De la indefensión de los autores frente a la industria del libro

Como ocurre a muchos otros creadores, ha llegado el momento de usar este blog para hacer público un abuso. Supongo que forma parte del paquete de bienvenida que uno acepta cuando decide ser creador: siempre hay alguien dispuesto a lucrarse con tu trabajo de manera abusiva o ilícita. Estoy curada de espantos con las webs de descargas, a eso ya ni presto atención, pero en el caso que te voy a relatar son empresas conocidas y respetables las que están cometiendo el atraco (lo siento, pero no puedo llamarlo de otra manera).
No soy partidaria de las polémicas, pero no puedo seguir tolerando esta situación injusta y ha llegado el momento de ponerle fin de la única manera efectiva que conozco: haciéndola visible.

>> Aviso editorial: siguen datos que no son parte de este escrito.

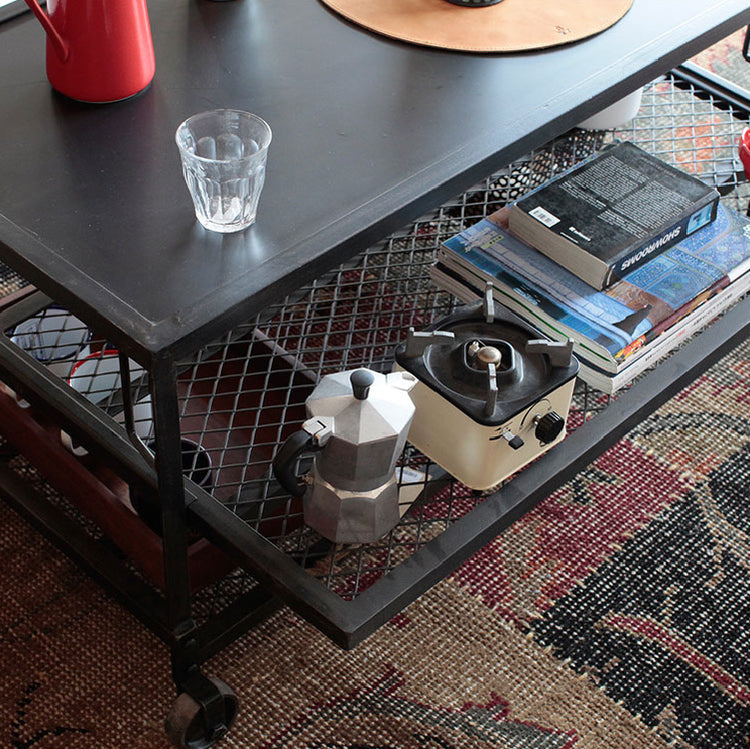 引き出せる棚板で便利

Esta es la versión corta: ni Kolima Books, ni El Corte Inglés, ni Casa del Libro tienen mi autorización ni los derechos para distribuir o vender los títulos mencionados más abajo. Cuando reclamo la retirada de estos libros, me ignoran o le pasan la pelota a otro. Como autora ni recibo informes, ni la remuneración correspondiente por derechos de autor de las ventas de estos títulos desde enero del año pasado. Si esto te parece injusto, lee y compártelo. (mira abajo la actualizaciones con nueva información).

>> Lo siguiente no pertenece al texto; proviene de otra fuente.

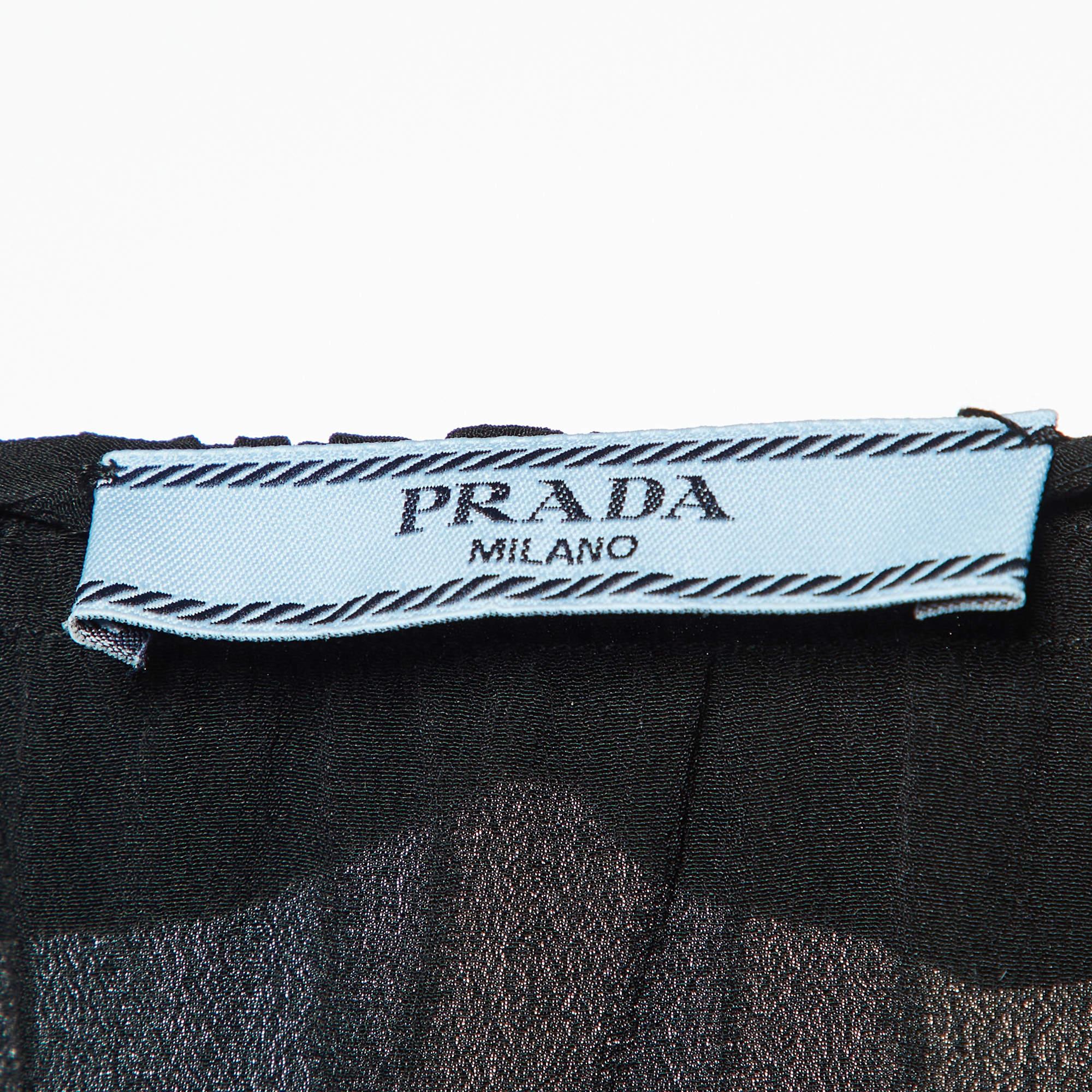 Prada - Chemisier en soie noir à volants M. Bon état - En vente à Dubai, Al Qouz 2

Te pongo en antecedentes: los que sois habituales de este blog o conocéis mi trabajo, sabéis que tengo varios libros publicados, algunos de ellos solo en formato digital. Cuatro de estos títulos, los más breves, fueron publicados por la editorial Kolima Books y por este motivo acabaron listados en el catálogo de libros digitales que se venden en distintas tiendas, entre ellas El Corte Inglés y Casa del Libro. En abril del año pasado, retiré tres de estos títulos de Kolima Books, volviendo a ser yo la única con derecho a explotación de éstos, en concreto:
  • Cómo ser más creativo en el trabajo
  • Juegos de mesa para crear cuentos con los niños
  • Cómo dibujar historias con ambos hemisferios cerebrales


Estos libros debían dejar de estar a la venta en las diversas tiendas en un plazo de unos dos meses, según tengo entendido, pero pasaron muchos más meses y yo seguía viendo su disponibilidad. Contacté con la editorial y me aseguraron que los libros habían sido dados de baja del catálogo en el momento en que lo acordamos y que, si las tiendas no actualizaban su catálogo, no había nada que ellos pudieran hacer. 

Esperé unos meses más, en concreto hasta el 12 de febrero pasado. En vista de que seguían a la venta, contacté tanto con El Corte Inglés, como con Casa del Libro, a través del formulario de sus respectivas webs (ya que no hay un formulario de contacto específico para autores cuyas obras se vendan ilícitamente en sus tiendas) para solicitar la retirada de estos tres títulos por los motivos que he explicado. El 18 de febrero obtuve respuesta de El Corte Inglés asegurándome que habían remitido mi correo al departamento correspondiente y que contactarían a la mayor brevedad. Y hasta hoy, porque no han vuelto a contactar. Casa del Libro ni me contestó. 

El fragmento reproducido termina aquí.